> _What the task asks_: Word for word, the records below are to be set down again.

(Data extracted from a collection)
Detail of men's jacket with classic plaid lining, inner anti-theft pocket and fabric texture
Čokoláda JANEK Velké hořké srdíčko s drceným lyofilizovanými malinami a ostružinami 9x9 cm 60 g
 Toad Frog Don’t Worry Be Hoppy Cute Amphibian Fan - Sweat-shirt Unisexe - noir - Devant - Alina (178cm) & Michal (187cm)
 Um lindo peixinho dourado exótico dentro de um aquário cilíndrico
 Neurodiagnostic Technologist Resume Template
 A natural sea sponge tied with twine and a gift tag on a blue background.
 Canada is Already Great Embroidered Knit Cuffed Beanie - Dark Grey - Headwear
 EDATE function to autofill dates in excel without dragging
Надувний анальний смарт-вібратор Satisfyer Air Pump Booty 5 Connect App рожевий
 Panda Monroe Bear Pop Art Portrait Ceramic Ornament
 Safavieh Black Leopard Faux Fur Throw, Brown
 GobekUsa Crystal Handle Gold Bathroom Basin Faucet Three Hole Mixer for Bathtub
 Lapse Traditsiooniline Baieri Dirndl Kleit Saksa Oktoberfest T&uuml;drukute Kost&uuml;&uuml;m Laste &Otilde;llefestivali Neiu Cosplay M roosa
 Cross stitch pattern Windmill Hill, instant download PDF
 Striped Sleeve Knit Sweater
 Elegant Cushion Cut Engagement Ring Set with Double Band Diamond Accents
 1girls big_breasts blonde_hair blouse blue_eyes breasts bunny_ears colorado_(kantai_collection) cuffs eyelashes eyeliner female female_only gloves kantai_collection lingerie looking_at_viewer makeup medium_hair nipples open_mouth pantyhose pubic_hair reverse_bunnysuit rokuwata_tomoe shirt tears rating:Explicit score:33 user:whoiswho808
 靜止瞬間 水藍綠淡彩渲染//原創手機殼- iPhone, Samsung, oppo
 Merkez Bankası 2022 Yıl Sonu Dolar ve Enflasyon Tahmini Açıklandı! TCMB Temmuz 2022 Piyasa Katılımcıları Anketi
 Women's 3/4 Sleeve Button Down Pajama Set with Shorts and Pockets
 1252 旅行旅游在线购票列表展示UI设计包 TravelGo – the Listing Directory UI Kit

> _Result for this task_:
Detail of men's jacket with classic plaid lining, inner anti-theft pocket and fabric texture
Čokoláda JANEK Velké hořké srdíčko s drceným lyofilizovanými malinami a ostružinami 9x9 cm 60 g
 Toad Frog Don’t Worry Be Hoppy Cute Amphibian Fan - Sweat-shirt Unisexe - noir - Devant - Alina (178cm) & Michal (187cm)
 Um lindo peixinho dourado exótico dentro de um aquário cilíndrico
 Neurodiagnostic Technologist Resume Template
 A natural sea sponge tied with twine and a gift tag on a blue background.
 Canada is Already Great Embroidered Knit Cuffed Beanie - Dark Grey - Headwear
 EDATE function to autofill dates in excel without dragging
Надувний анальний смарт-вібратор Satisfyer Air Pump Booty 5 Connect App рожевий
 Panda Monroe Bear Pop Art Portrait Ceramic Ornament
 Safavieh Black Leopard Faux Fur Throw, Brown
 GobekUsa Crystal Handle Gold Bathroom Basin Faucet Three Hole Mixer for Bathtub
 Lapse Traditsiooniline Baieri Dirndl Kleit Saksa Oktoberfest T&uuml;drukute Kost&uuml;&uuml;m Laste &Otilde;llefestivali Neiu Cosplay M roosa
 Cross stitch pattern Windmill Hill, instant download PDF
 Striped Sleeve Knit Sweater
 Elegant Cushion Cut Engagement Ring Set with Double Band Diamond Accents
 1girls big_breasts blonde_hair blouse blue_eyes breasts bunny_ears colorado_(kantai_collection) cuffs eyelashes eyeliner female female_only gloves kantai_collection lingerie looking_at_viewer makeup medium_hair nipples open_mouth pantyhose pubic_hair reverse_bunnysuit rokuwata_tomoe shirt tears rating:Explicit score:33 user:whoiswho808
 靜止瞬間 水藍綠淡彩渲染//原創手機殼- iPhone, Samsung, oppo
 Merkez Bankası 2022 Yıl Sonu Dolar ve Enflasyon Tahmini Açıklandı! TCMB Temmuz 2022 Piyasa Katılımcıları Anketi
 Women's 3/4 Sleeve Button Down Pajama Set with Shorts and Pockets
 1252 旅行旅游在线购票列表展示UI设计包 TravelGo – the Listing Directory UI Kit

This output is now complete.